Several factors make large tree holes more valuable to Megaloprepus than small ones. Not only can their greater volume accommodate more naiads at a time, they have a higher density of prey in the form of tadpoles and mosquito larvae; this allows the naiads to grow more rapidly and reach adulthood sooner. In forests with a dry season, larger tree holes can last nearly a month longer before drying out completely. As a result, large tree holes can produce three cohorts per season, totalling perhaps a few dozen new adults, while only one or two emerge from a small hole. Large tree holes also give Megaloprepus better chances of surviving to emerge if one of its slower-growing relatives in genus Mecistogaster is already present. In a tree hole small enough to be effectively patrolled by a single naiad, the first species to hatch is likely to eat all newcomers, but in a large one Megaloprepus can escape long enough to outgrow and eventually eat an older resident. Finally, probably due to the greater abundance of prey, larger tree holes produce larger males that will be better able to defend a territory themselves when they reach reproductive maturity.

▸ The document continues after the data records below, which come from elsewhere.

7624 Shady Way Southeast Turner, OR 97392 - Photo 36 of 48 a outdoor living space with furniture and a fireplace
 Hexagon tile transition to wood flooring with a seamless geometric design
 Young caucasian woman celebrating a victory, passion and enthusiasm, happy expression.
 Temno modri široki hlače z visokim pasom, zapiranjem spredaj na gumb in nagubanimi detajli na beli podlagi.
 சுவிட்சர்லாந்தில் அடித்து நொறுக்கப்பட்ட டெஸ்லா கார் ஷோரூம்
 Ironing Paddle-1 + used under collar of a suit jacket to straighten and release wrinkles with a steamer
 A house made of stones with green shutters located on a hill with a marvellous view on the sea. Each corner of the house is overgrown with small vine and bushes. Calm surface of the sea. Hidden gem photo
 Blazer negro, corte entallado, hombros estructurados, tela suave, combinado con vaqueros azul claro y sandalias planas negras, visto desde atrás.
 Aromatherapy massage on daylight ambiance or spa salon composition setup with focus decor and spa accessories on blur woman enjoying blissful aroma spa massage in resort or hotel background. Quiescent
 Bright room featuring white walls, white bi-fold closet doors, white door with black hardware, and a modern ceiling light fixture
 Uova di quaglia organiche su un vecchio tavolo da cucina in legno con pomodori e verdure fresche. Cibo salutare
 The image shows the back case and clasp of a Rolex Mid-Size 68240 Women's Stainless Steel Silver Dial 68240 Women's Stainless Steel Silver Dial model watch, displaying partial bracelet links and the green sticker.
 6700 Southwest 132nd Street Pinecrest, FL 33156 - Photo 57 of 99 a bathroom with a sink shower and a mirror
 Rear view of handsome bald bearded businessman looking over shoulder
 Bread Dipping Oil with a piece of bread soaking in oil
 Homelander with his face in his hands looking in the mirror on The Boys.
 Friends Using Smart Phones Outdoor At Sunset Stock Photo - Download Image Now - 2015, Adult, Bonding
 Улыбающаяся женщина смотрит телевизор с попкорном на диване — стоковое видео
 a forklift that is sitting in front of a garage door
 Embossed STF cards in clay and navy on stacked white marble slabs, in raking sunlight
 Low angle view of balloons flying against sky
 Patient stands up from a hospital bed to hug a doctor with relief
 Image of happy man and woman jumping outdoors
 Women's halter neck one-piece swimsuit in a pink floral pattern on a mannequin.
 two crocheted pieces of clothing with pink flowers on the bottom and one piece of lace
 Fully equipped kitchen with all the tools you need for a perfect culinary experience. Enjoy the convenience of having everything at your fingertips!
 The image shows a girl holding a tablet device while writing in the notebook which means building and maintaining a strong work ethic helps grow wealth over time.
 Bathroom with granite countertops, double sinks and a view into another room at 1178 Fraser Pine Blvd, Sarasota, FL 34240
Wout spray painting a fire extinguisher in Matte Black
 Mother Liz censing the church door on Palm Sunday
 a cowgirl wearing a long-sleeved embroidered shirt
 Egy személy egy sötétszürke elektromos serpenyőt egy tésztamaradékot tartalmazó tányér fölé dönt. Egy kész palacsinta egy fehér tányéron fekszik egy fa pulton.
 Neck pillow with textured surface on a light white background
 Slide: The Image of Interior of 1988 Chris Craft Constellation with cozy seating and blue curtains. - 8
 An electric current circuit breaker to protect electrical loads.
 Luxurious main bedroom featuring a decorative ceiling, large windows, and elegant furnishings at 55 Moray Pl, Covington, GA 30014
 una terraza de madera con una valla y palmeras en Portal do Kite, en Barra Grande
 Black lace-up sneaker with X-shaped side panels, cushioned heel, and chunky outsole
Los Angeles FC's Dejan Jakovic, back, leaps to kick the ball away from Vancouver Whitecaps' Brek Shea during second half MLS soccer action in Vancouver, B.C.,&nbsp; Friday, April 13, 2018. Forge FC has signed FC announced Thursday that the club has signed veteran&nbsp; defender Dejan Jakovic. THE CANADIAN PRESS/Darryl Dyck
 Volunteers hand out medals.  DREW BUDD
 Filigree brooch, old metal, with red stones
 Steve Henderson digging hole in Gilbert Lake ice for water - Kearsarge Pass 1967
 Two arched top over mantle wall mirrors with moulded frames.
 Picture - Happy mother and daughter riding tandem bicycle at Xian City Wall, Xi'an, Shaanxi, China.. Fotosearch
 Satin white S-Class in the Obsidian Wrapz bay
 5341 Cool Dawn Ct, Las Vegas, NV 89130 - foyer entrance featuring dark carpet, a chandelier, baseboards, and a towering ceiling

A territorial male drives away other males from his territory by chasing and sometimes hitting them. He does not allow females to lay eggs in the hole he defends without mating with him first, but he does not pursue females who opt instead to leave the scene. The structure of the penis suggests that, as with many other odonates, male Megaloprepus are able to displace sperm from previous matings, ensuring the paternity of the eggs. For their part, females do not choose mates based on size, and will sometimes remate with smaller males who cannot take over a territory and instead adopt a satellite position nearby. At least some females will lay eggs in undefended tree holes before mating again.

==Conservation==
Megaloprepus avoids flying across large clearings that lack shaded perches, and has poor flight endurance, achieving a maximum distance of less than 1 km when experimentally released over water. This may limit its dispersal ability, making it particularly vulnerable to habitat fragmentation. While it can breed in secondary forest, it is less common there than in old-growth forest, even when the two are adjacent. Since Megaloprepus reduces the number of adult mosquitoes that emerge from tree holes it inhabits, and some of the species it preys on are important disease vectors, its conservation may have human health implications.